Perpetual bonds are distinctive instruments that combine debt and equity-like features. Unlike conventional bonds, they carry no fixed maturity date or mandatory redemption, giving issuers long-term capital flexibility. The bonds are callable only at the discretion of IREDA, typically after a defined lock-in period.

In this issuance, investors will receive an annual coupon of 7.70%, with a 50 basis point step-up provision applicable once during the lifetime of the instrument, in case the bonds are not called after 10 years. This structure balances the interests of both the issuer and investors by providing attractive returns while ensuring stable funding for IREDA.

Hybrid Instrument with Long-Term Benefits

IREDA highlighted that perpetual bonds, being hybrid instruments, strengthen its balance sheet by acting as quasi-equity. This not only improves the company’s capital adequacy ratio but also secures a steady and reliable pool of long-term funds. Such funding avenues are critical for an organisation like IREDA, which plays a pivotal role in financing renewable projects across solar, wind, hydro, and emerging green technologies.
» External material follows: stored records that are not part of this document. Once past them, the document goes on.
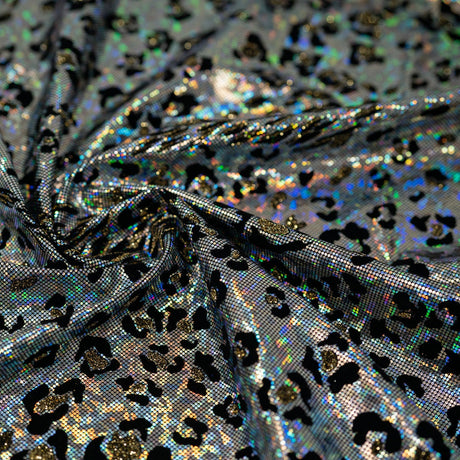 1 Yard Jag City Performance Spandex with Shattered Glass Foil 58/60" Wide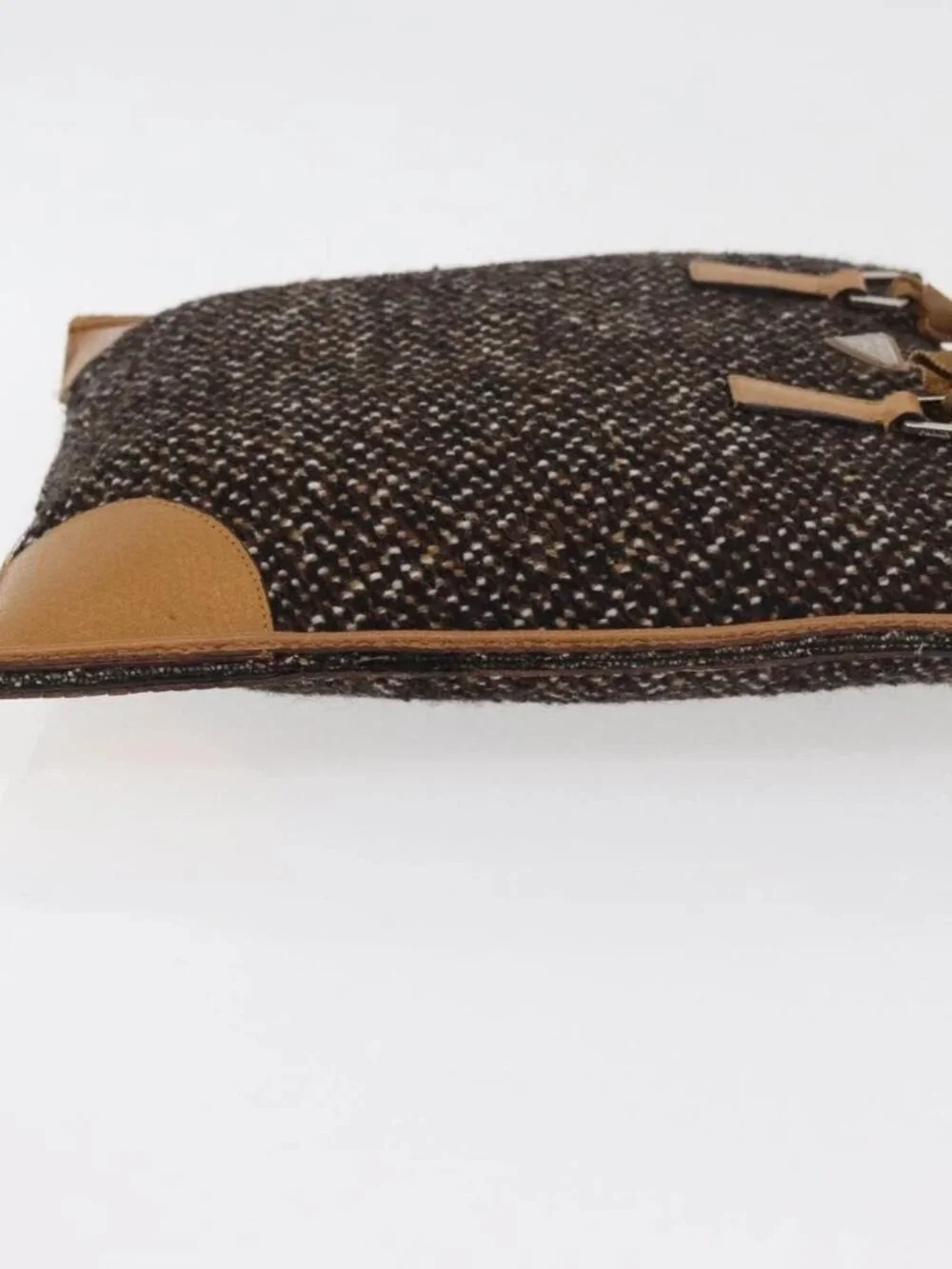 PRADA Hand Bag Canvas Brown Silver Auth 175566A
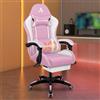 ALFORDSON Sedia Gaming Massaggiante con Poggiapiedi da Case Bianca e rosa | Poltrona Gamer in Tessuto Serie THOR, Schienale regolabile, con poggiatesta e supporto lombare, portata 180 kg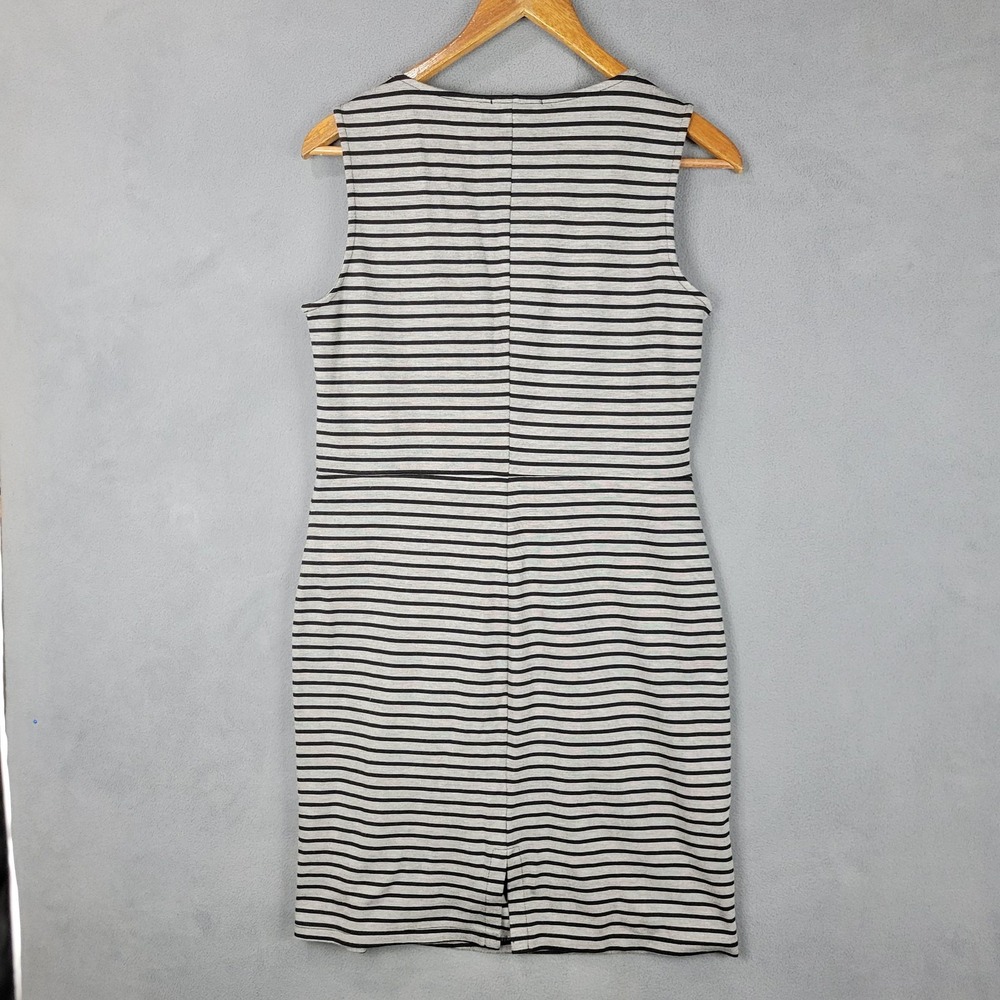 Pleione Dress Womens Small Black Gray Stripe Sleeveless Ruched Sheath Made USA - Picture 6 of 8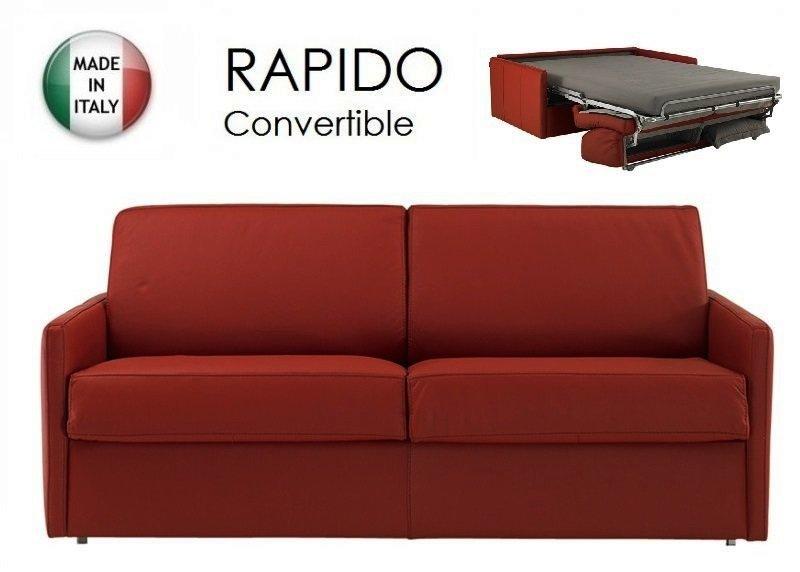 Canapé-lit SUN convertible express 3-4 places - Cuir vachette bordeaux - Matelas 16 cm - Couchage 160x197 cm_0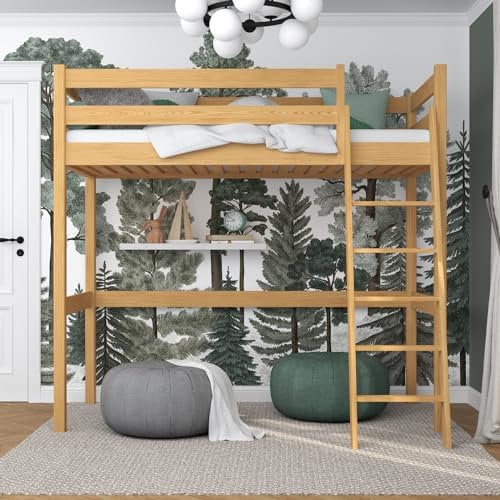 N-wood N03 Hochbett Holz 80x180 cm Naturkiefer aus Massiveholz - Made in EU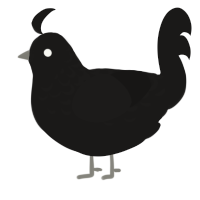 A sable chicken with a half-lace pattern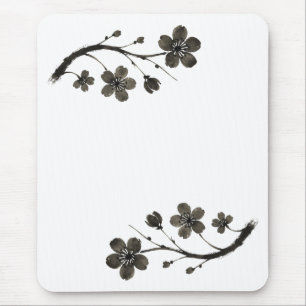 Mousepad Arte da Linha do Flor de ameixa - Placa Botânica d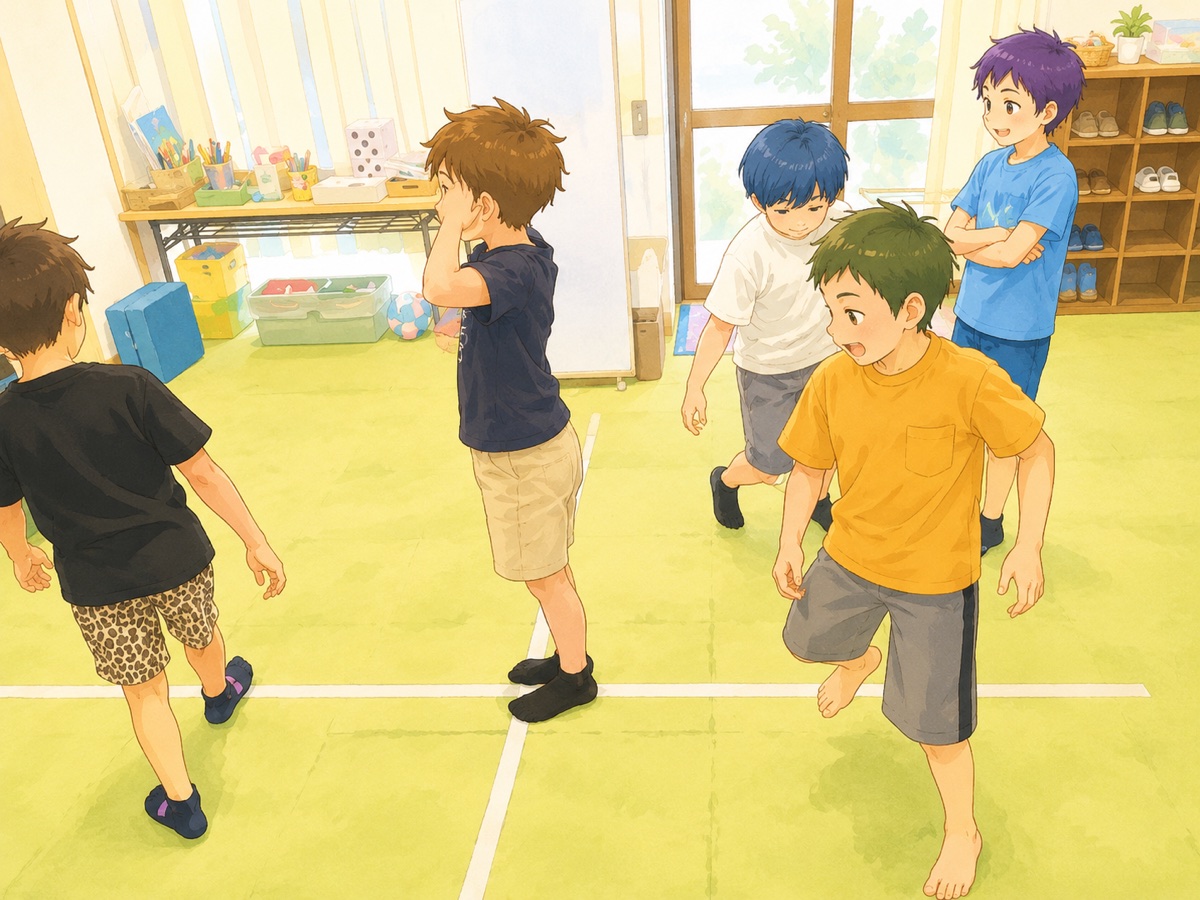 室内で運動遊びをする子どもたち（イラスト）
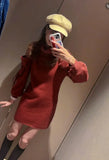 Tineit Lace-up Knitted Vestidos Long Sleeve Vestido New Turtleneck Dresses Japan Style Loose Dress 2025 Spring Autumn Ropa Mujer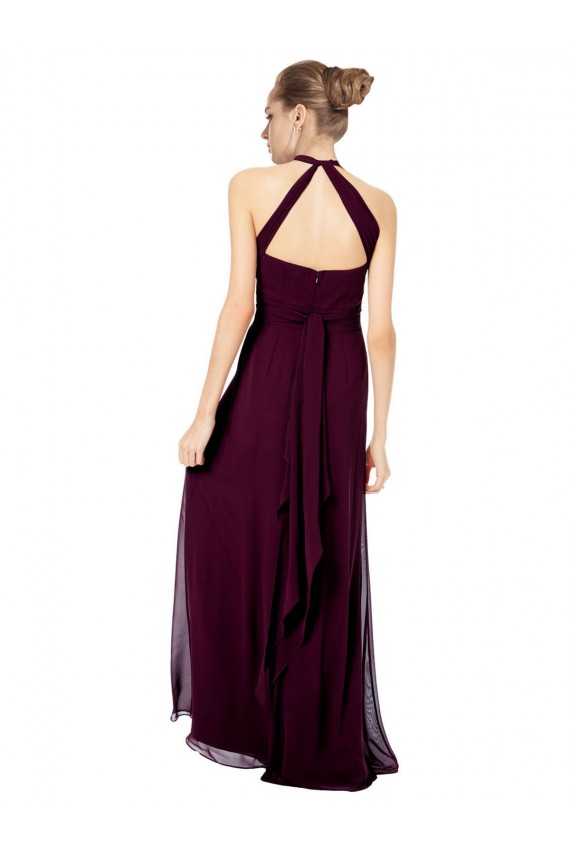 Keyhole Back Long Chiffon Halter Dress with Halter Straps Cross Neck Bristol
Boost to India’s Green Transition

The successful issue reflects the growing appetite of institutional investors for green-aligned financial products and confidence in IREDA’s creditworthiness. By reinforcing its capital position, IREDA is better placed to scale up lending to renewable developers, thereby contributing significantly to India’s ambitious targets of 500 GW renewable capacity by 2030 and the overall net-zero pathway.